Negare l’evidenza non è più possibile. Mbs si sarà anche tolto lo sfizio di far tagliare con la sega elettrica uno dei suoi nemici, ma il conto sarà più alto del previsto. Con il linguaggio di oggi, diremmo errore strategico. A inizio Ottocento si sarebbe detto che non si trattava solo di un crimine ma di un errore politico. Così il ministro francese Joseph Fouché definì l’esecuzione di Luigi Antonio di Borbone, meglio noto con il titolo di duca d’Enghien, voluta da Napoleone Bonaparte. L’aristocratico respinse le accuse, inventate, ma fu comunque messo a morte nel castello di Vincennes il 21 marzo 1804. Un assassinio con conseguenze negative per l’immagine di Napoleone in Europa.

La crisi sollevata con il delitto Khashoggi avrà conseguenze tali che il giovane principe ereditario potrebbe non riuscire a portare avanti il programma Vision 2030. «Non si tratta di riforme, perché il termine non trova applicazione nel contesto dell’Arabia saudita. In quella società, le riforme di una persona sono l’eresia di un’altra.
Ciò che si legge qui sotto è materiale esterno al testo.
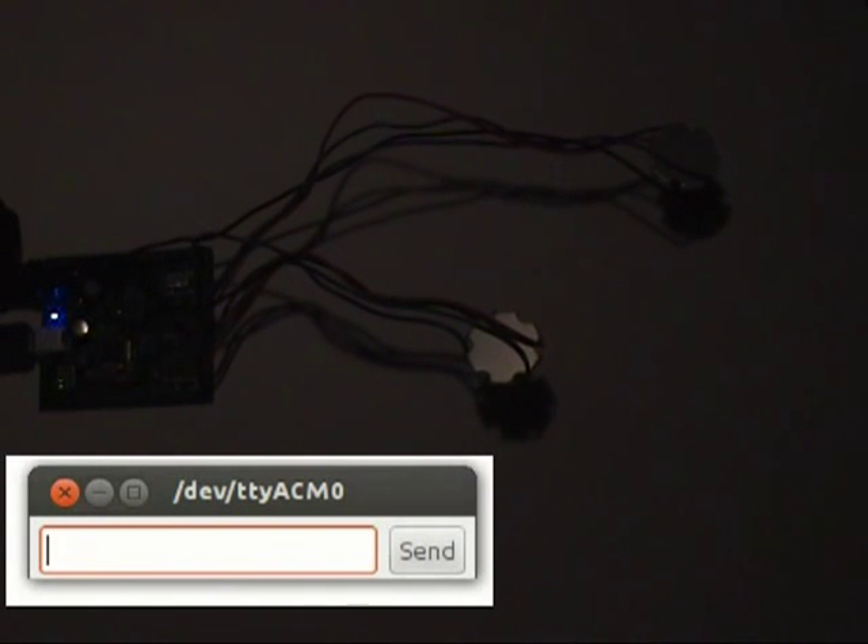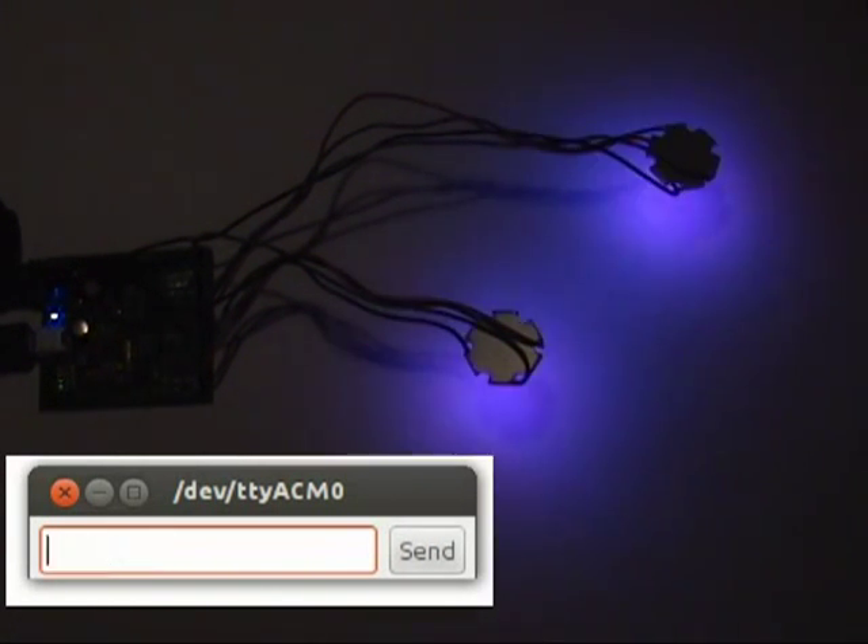Of course, if you want more control you can specify RGB values. I'll make a dim magenta — type 'all 10 0 10' and it sets both LEDs to a dim magenta.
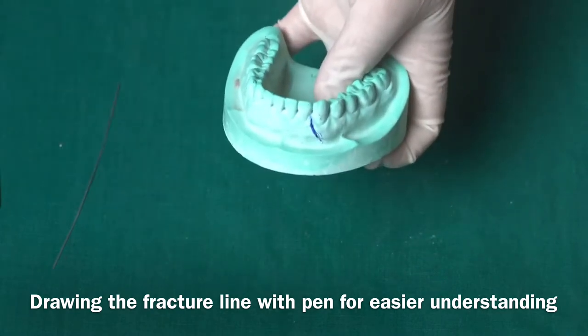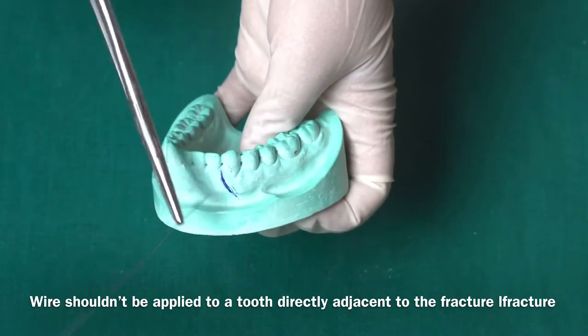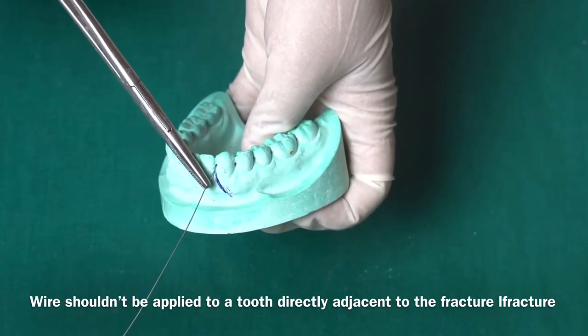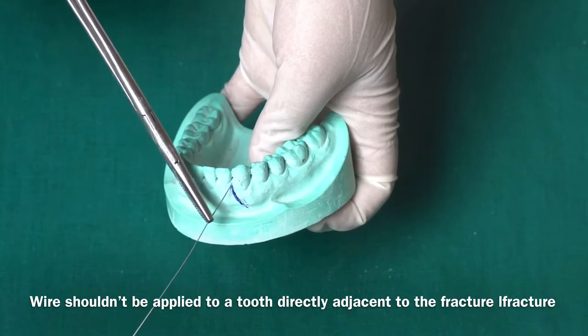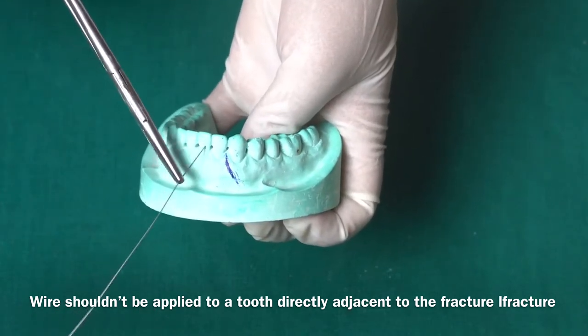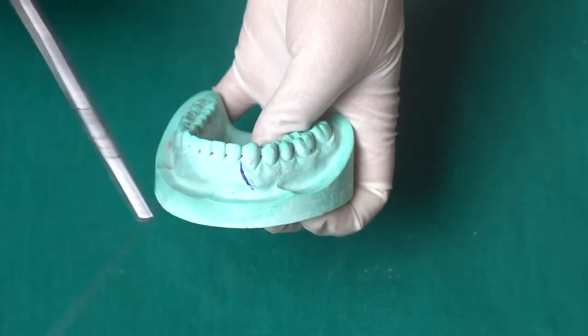This is the fracture line that I'm drawing with the pen. What you need to know is that wires should not be passed in the line of the fracture. For example, if the fracture is between the lateral incisor and canine, you cannot pass the wire in that region. You need to pass a wire that is at least one tooth away from the fracture line.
Lo stesso Mbs dice di non essere un riformista», precisa Thomas Lippman del Middle East Institute di Washington.

In ogni caso, quelle individuate in Vision 2030 sono iniziative indispensabili per rilanciare l’economia e combattere povertà e disoccupazione. A pagare il prezzo della crisi saranno tanti giovani. Le statistiche ufficiali dicono che 10 milioni di sauditi hanno meno di 35 anni: se non trovano lavoro restano tagliati fuori dal consumismo dilagante e perdono fiducia nella legittimità del sistema.

Alla sfiducia dei sudditi sauditi si aggiungono le perplessità della comunità internazionale: sarà più difficile attirare investimenti stranieri, diversificare l’economia dipendente in maniera eccessiva dal petrolio, attirare i migliori laureati nel settore privato soffocato dal predominio del pubblico che offre salari più alti e chiede un impegno decisamente minore.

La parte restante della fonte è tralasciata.